Required work |
Read the lines below, and copy any that contain the string "Avenue".

Records from a dataset |
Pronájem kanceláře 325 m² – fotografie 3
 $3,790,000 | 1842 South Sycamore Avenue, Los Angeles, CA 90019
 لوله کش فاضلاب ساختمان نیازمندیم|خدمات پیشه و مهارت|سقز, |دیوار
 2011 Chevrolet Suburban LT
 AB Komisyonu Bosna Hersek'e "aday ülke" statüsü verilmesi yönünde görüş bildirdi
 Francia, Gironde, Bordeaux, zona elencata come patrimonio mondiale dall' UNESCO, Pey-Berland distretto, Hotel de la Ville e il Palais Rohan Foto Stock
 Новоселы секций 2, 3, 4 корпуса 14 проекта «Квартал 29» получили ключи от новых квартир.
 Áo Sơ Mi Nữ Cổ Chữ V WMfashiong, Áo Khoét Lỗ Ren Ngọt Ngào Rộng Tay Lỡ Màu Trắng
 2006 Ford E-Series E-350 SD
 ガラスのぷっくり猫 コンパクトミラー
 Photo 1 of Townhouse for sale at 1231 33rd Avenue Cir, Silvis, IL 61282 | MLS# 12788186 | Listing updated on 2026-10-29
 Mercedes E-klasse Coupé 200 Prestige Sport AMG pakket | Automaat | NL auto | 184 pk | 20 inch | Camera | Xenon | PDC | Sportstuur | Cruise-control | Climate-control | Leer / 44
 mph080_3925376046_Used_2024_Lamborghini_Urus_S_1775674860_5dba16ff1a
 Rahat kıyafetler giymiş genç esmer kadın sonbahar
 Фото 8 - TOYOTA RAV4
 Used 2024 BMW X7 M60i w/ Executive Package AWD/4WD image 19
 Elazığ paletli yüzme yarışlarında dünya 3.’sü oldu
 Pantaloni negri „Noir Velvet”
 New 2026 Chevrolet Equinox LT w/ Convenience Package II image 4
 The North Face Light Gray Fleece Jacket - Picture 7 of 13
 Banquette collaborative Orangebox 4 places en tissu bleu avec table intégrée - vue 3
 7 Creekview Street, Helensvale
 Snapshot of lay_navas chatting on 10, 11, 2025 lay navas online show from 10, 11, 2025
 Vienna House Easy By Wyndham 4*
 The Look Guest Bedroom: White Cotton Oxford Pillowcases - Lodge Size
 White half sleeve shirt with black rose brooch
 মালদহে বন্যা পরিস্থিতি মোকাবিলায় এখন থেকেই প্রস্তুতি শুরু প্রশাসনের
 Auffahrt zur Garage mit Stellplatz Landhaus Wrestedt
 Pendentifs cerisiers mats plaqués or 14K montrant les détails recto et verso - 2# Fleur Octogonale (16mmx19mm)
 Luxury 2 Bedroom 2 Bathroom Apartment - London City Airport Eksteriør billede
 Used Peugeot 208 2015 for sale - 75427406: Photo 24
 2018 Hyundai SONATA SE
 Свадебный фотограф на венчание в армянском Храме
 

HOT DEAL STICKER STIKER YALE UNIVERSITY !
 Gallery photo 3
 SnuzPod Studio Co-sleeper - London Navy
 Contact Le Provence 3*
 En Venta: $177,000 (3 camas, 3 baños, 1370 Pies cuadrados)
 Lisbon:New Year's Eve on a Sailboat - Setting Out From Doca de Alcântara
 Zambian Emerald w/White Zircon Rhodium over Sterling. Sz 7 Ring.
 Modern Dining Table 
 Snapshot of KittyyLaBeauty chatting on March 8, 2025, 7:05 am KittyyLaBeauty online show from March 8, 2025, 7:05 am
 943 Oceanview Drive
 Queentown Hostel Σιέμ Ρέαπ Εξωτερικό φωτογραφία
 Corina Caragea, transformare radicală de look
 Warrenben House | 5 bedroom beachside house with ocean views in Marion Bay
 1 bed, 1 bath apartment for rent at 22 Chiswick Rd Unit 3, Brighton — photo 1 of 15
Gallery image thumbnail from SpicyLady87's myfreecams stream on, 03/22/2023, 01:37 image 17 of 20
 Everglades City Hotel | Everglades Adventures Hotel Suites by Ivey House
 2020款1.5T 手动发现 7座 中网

Finished task |
 $3,790,000 | 1842 South Sycamore Avenue, Los Angeles, CA 90019
 Photo 1 of Townhouse for sale at 1231 33rd Avenue Cir, Silvis, IL 61282 | MLS# 12788186 | Listing updated on 2026-10-29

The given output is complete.